Of course, the obvious is his acceptance of his wife being vegetarian. We have no idea how much influence that might introduce.
Secondly, he is no disciple of free trade. He would not have voted for NAFTA or USMCA, relatively benign trade agreements with our next door neighbors.
We are very cognizant of his background, familiarity and champion of manufacturing and labor in the so-called Rust Belt of the upper Midwest. We grew up in that region and there is no question that foreign competition has created major problems in that region, some of them self-inflicted and some not. Some of us well remember the German and Japanese invasion of the auto industry in the ‘60s and ‘70s that embarrassed Detroit’s automakers, showing that precision engineering, smart manufacturing, better enabling and training of workers and listening to customers provided better cars and trucks.

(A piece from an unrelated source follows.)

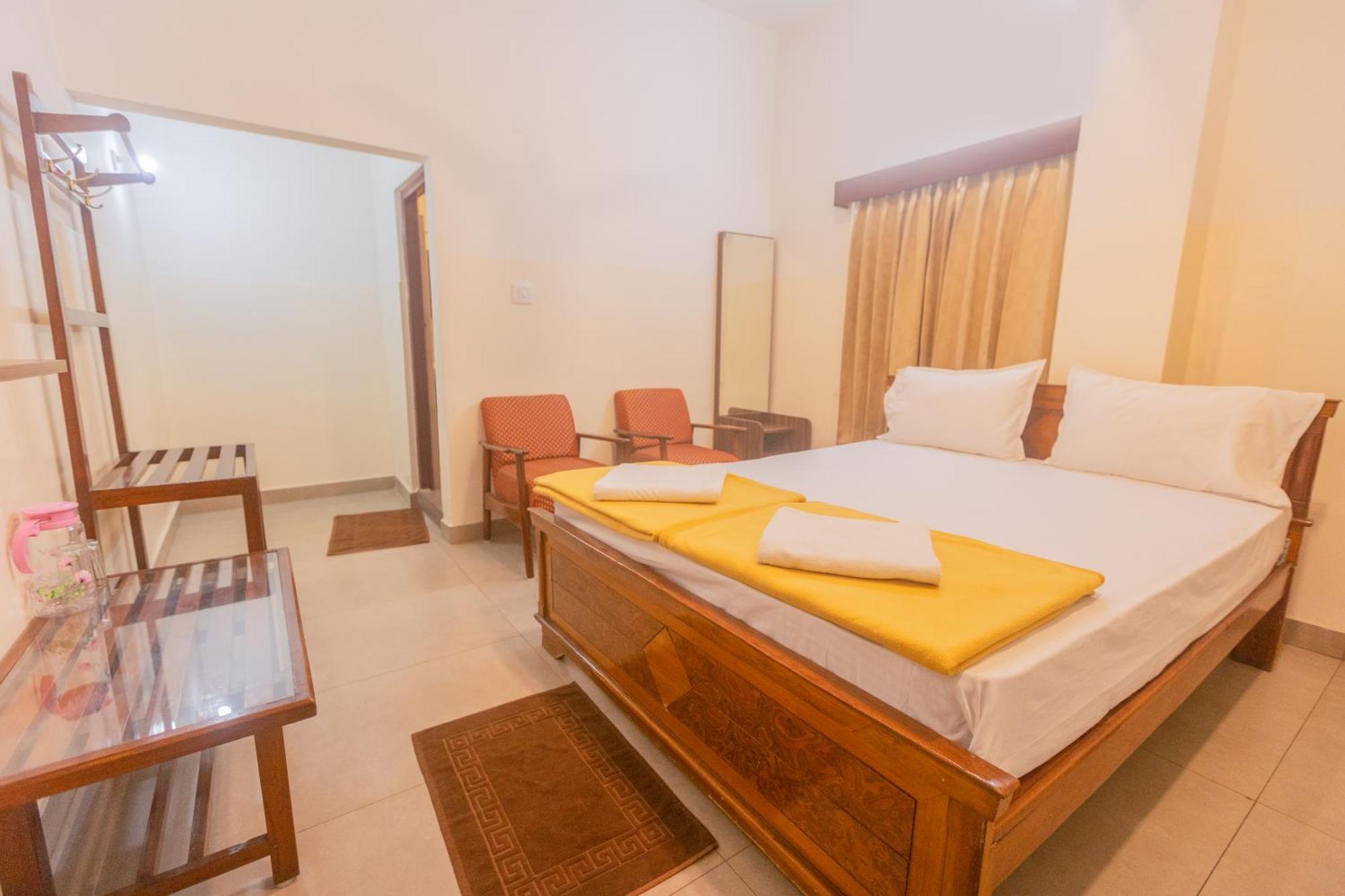 Sri Ramakrishna Hotel Bengalúr Exteriér fotografie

Detroit tried to foist tiny, light-weight, plastic-laden, under-powered, fast deteriorating jitneys on us in the ‘70s and Japanese and German manufacturers buried them, driving some out of business and some to the government for bailouts.
Ironically, the new design and manufacturing system the Japanese used to beat Detroit came from an expert from New Mexico Detroit had ignored (W. Edwards Deming).
For further irony, the automakers with legions of marketing and design experts have missed the boat again. They have themselves threatened their very existence by ignoring customer demand, flouting science and physics and chasing government favor and subsidy. They’ve abandoned focus and innovation in gasoline and diesel powered vehicles and lost billions.
There is no question some of the deterioration of manufacturing in the Midwest stemmed from corporate and industry missteps. But labor unions believed that they were indispensable, that corporations could and should pay unsustainable wages and benefits, that both companies and workers were owed existence and inevitability. Not only is there no free lunch, sometimes situations change and your lunch gets eaten if you don’t adapt.
The expectations of a better standard of living is central to the recent history of the Midwest. J. D. Vance’s family moved north just as millions did after WWII, to go where manufacturing industries required little education and no capital to make good money and a higher standard of living. Recall also, that this shift was engendered by the post-war period, when America was the unchallenged economic power in the world. Europe and Asia were in ruins, our manufacturing base had actually been built up during the war and our management skills honed.
The ‘50s and ’60s were a tremendous era of prosperity and advancing living standards for America -- for those who had survived the pre-war Depression and the World War itself.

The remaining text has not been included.